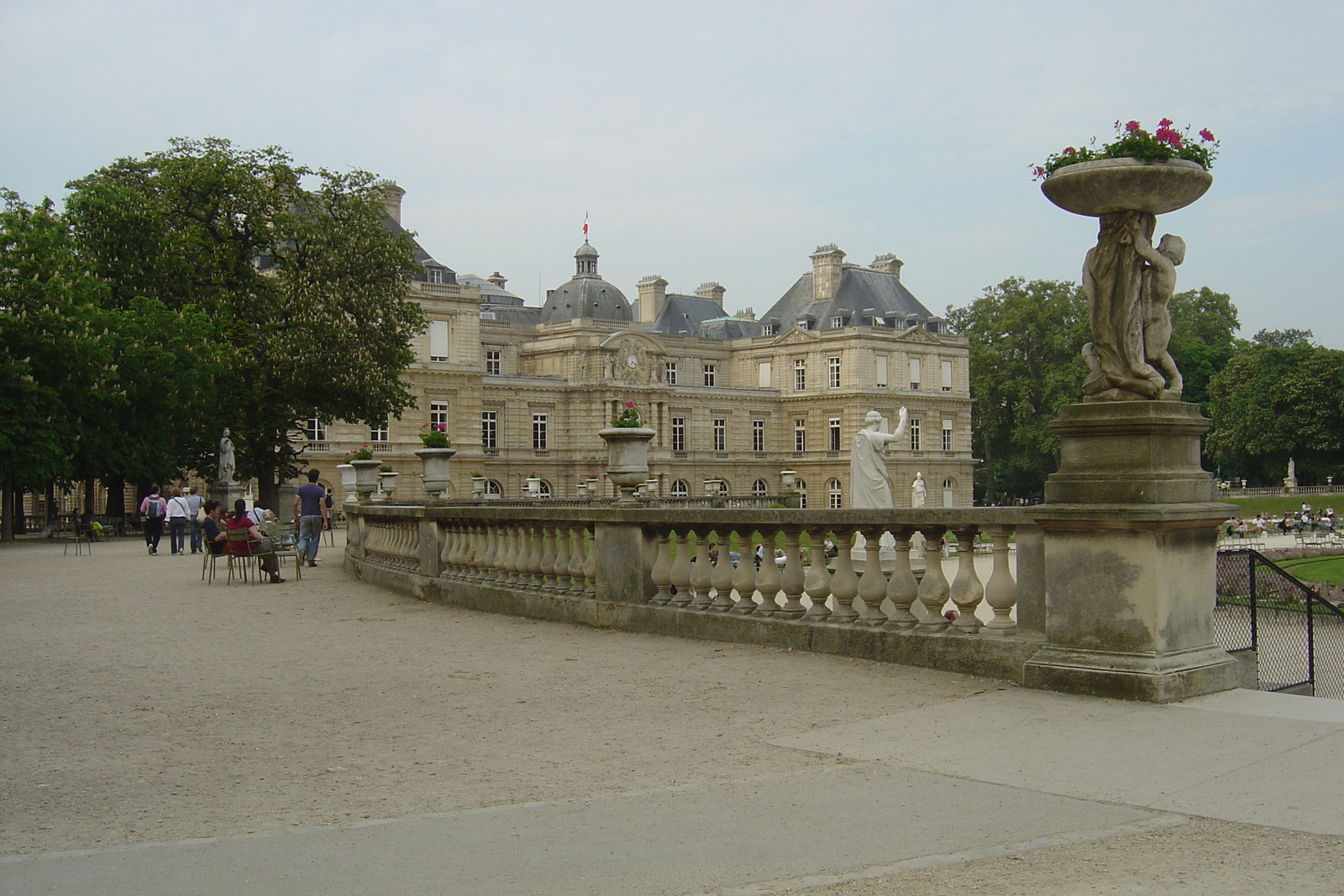 รูปถ่าย ฝรั่งเศส(France) ปารีส(Paris) สวนลักเซมเบิร์ก(Luxembourg Garden) 2007-04 147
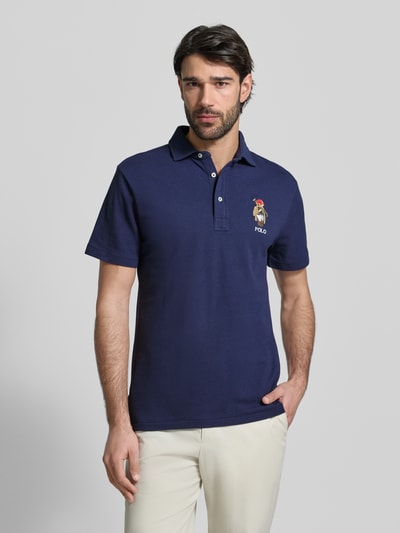 Męski model nosi Regular Fit Poloshirt aus reiner Baumwolle von Polo Ralph Lauren, efekt: jednolity kolor, krój regular fit, wyhaftowane logo, kołnierzyk polo, krótki rękaw, z bawełny; całkowite ujęcie z przodu.
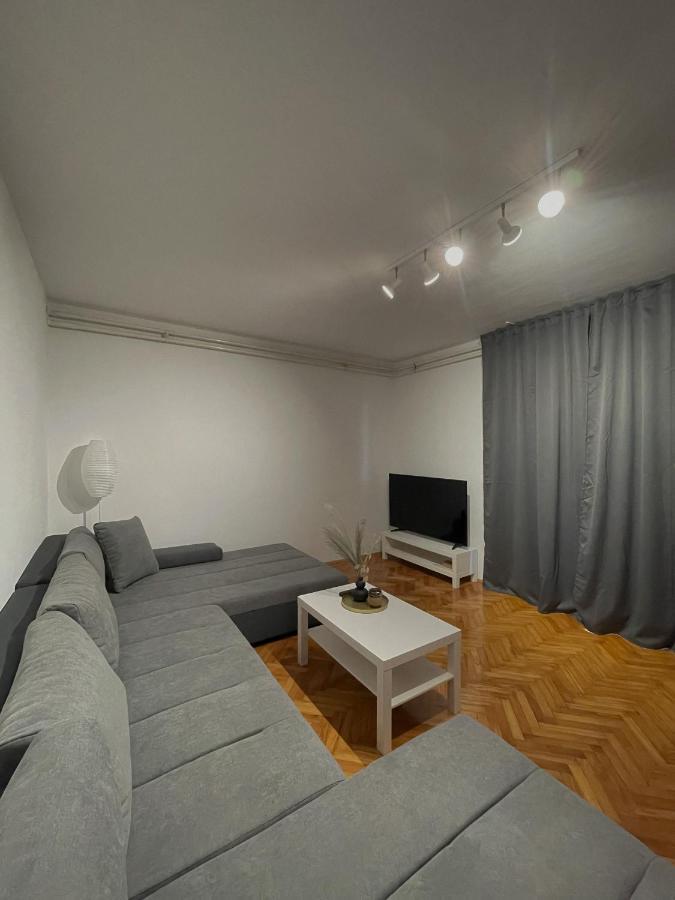 Apartments "M" PUY Exterior foto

■ ■ ■ ■ ■ ■ ■

**Task statement:** The reply should repeat the data in full, exactly as given, and contain no pictures.

**Output:**
 รูปถ่าย ฝรั่งเศส(France) ปารีส(Paris) สวนลักเซมเบิร์ก(Luxembourg Garden) 2007-04 147
 Męski model nosi Regular Fit Poloshirt aus reiner Baumwolle von Polo Ralph Lauren, efekt: jednolity kolor, krój regular fit, wyhaftowane logo, kołnierzyk polo, krótki rękaw, z bawełny; całkowite ujęcie z przodu.
 Apartments "M" PUY Exterior foto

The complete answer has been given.